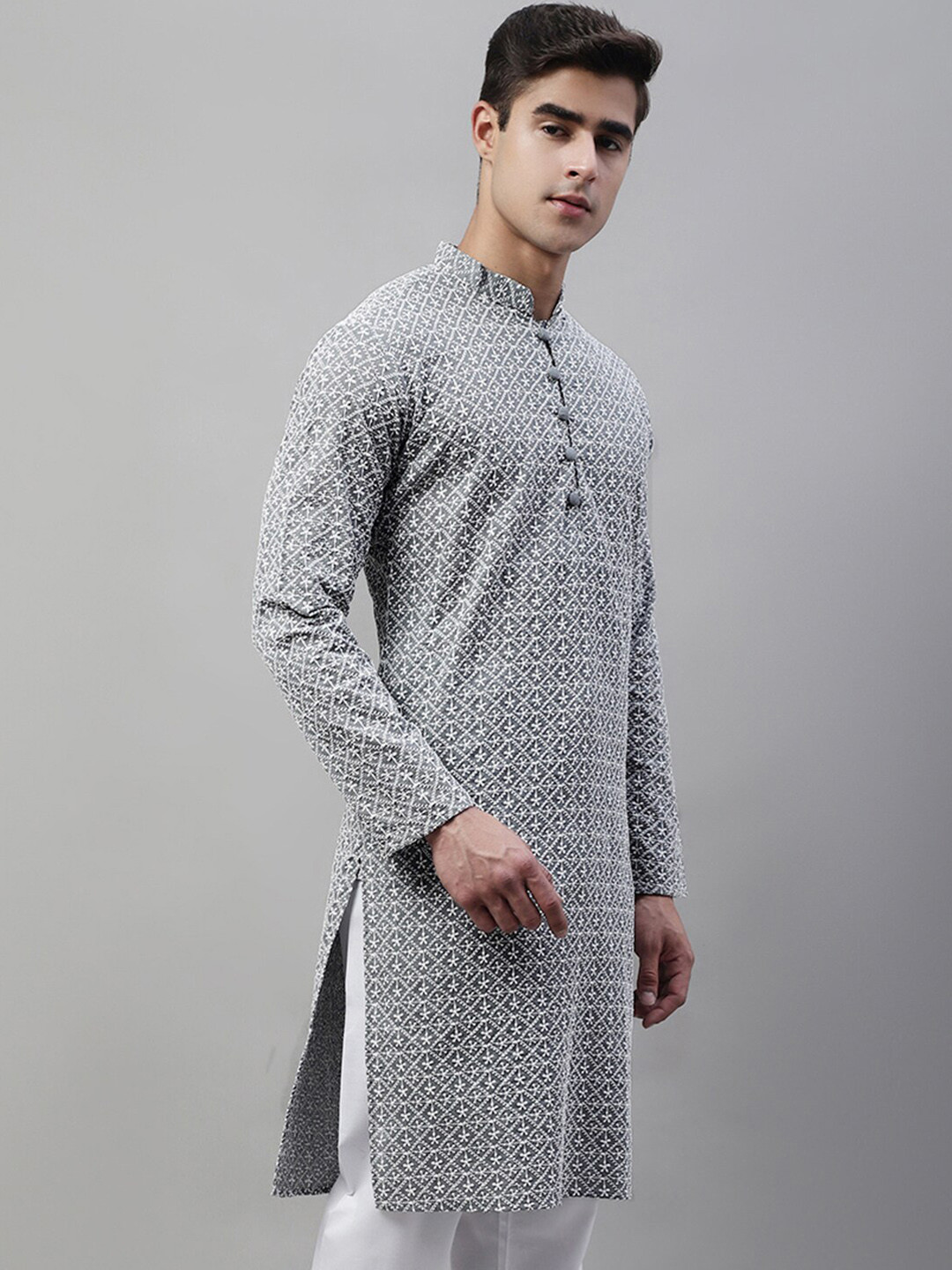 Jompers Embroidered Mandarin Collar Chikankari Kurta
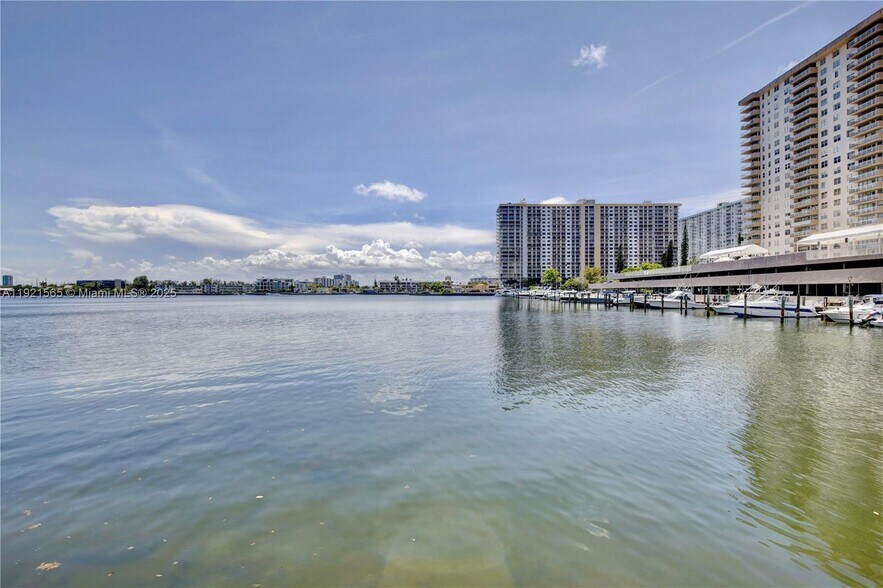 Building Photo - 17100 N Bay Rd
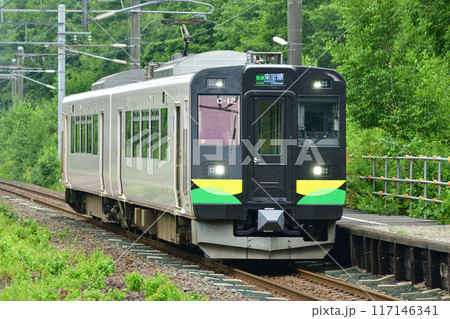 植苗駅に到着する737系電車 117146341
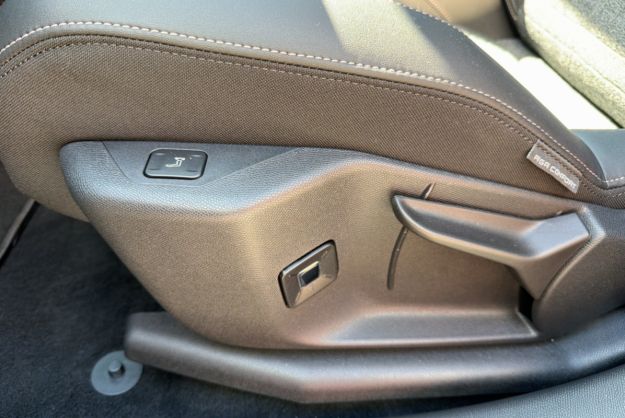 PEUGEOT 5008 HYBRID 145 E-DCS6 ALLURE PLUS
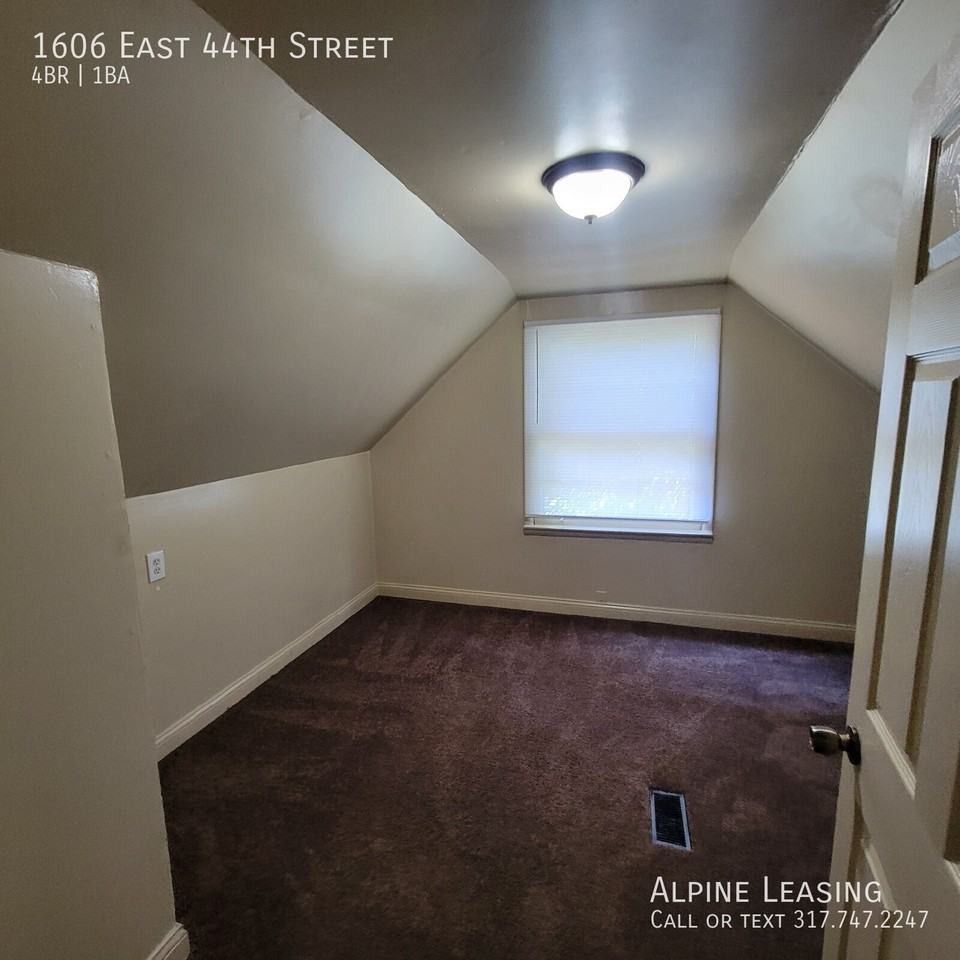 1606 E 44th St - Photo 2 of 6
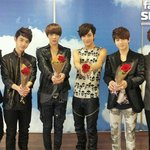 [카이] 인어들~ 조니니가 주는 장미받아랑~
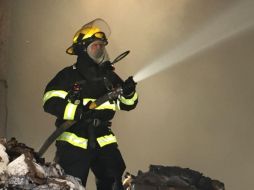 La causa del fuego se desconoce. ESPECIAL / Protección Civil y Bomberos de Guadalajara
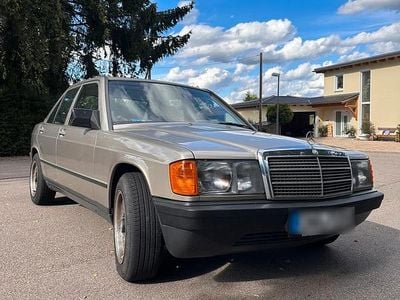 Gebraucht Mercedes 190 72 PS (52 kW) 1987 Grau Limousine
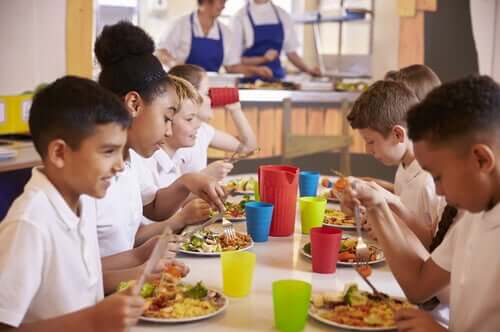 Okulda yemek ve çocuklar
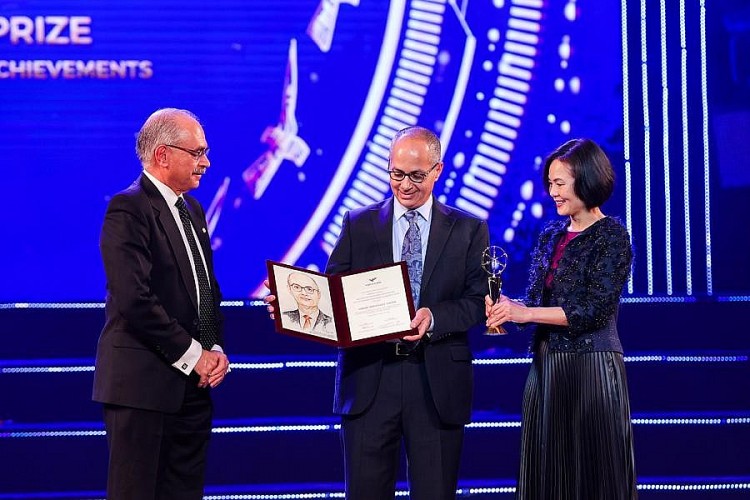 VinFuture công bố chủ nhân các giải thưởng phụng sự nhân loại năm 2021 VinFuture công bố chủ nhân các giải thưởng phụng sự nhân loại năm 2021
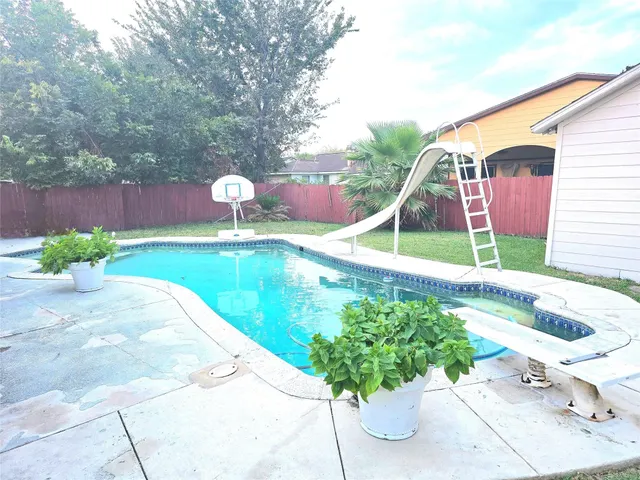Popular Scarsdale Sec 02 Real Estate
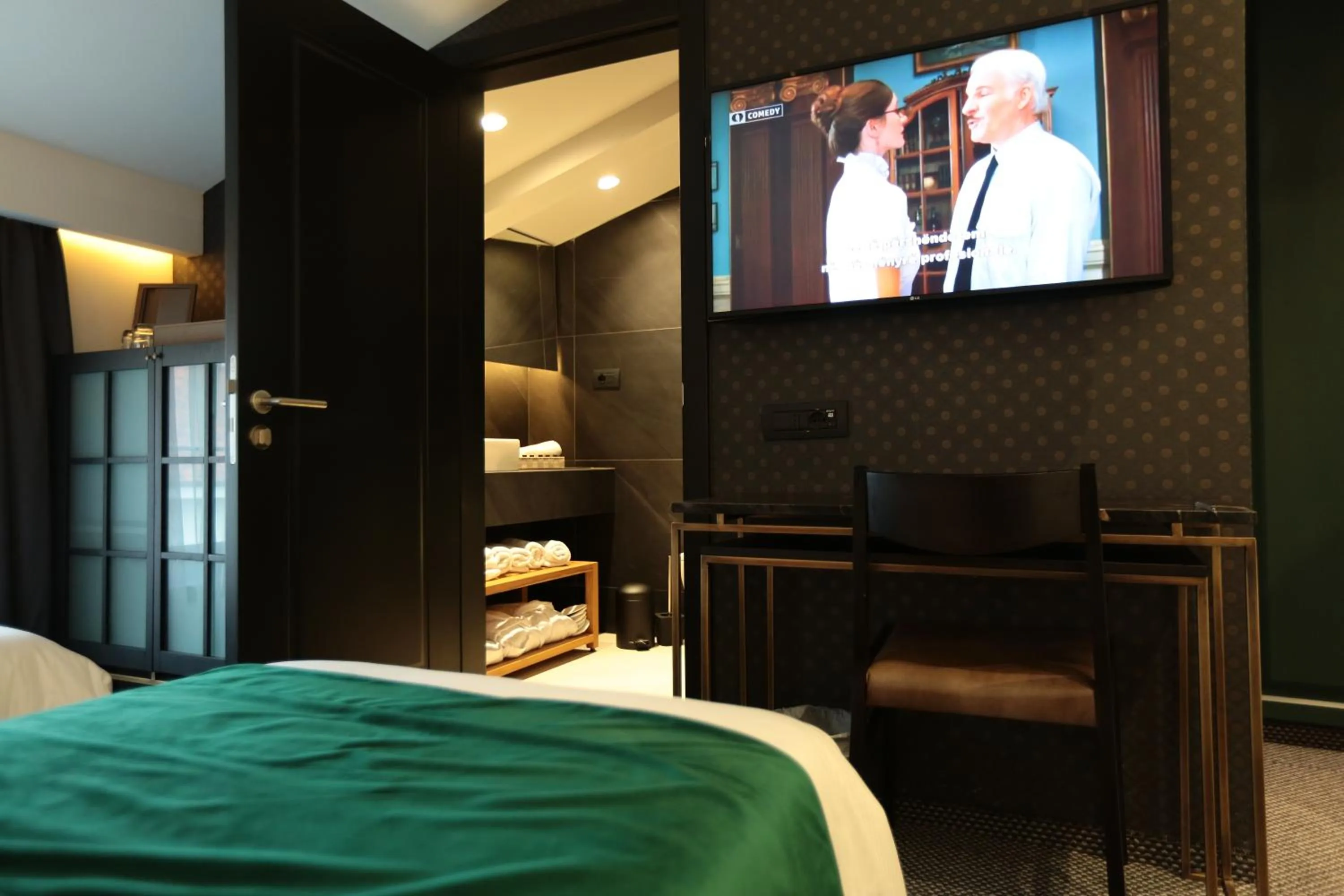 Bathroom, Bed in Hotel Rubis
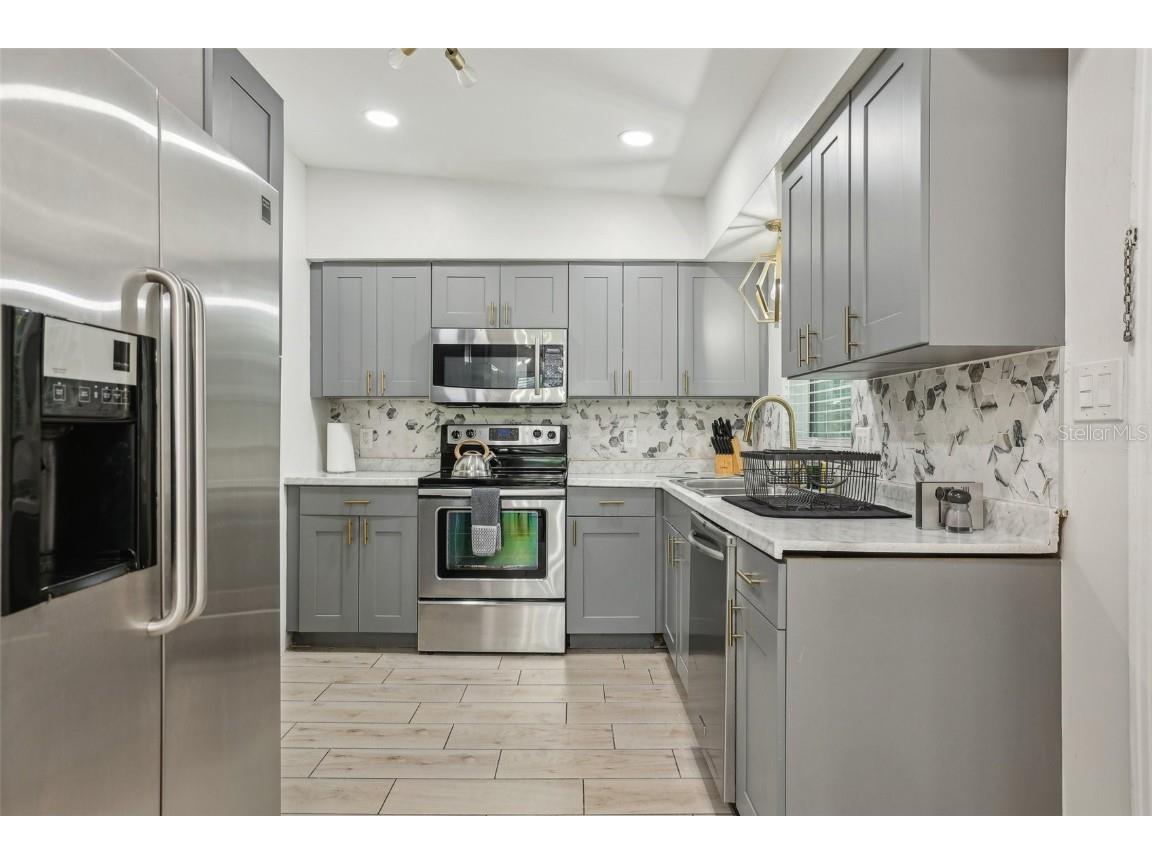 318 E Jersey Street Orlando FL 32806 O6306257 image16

**TASK INSTRUCTIONS:** Return every line of the listing exactly, leaving its pictures behind.

**RESULT FOR THIS TASK:**
 Jompers Embroidered Mandarin Collar Chikankari Kurta
 Building Photo - 17100 N Bay Rd
 植苗駅に到着する737系電車 117146341
 PEUGEOT 5008 HYBRID 145 E-DCS6 ALLURE PLUS
 1606 E 44th St - Photo 2 of 6
 [카이] 인어들~ 조니니가 주는 장미받아랑~
 La causa del fuego se desconoce. ESPECIAL / Protección Civil y Bomberos de Guadalajara
 Gebraucht Mercedes 190 72 PS (52 kW) 1987 Grau Limousine
 Okulda yemek ve çocuklar
 VinFuture công bố chủ nhân các giải thưởng phụng sự nhân loại năm 2021 VinFuture công bố chủ nhân các giải thưởng phụng sự nhân loại năm 2021
Popular Scarsdale Sec 02 Real Estate
 Bathroom, Bed in Hotel Rubis
 318 E Jersey Street Orlando FL 32806 O6306257 image16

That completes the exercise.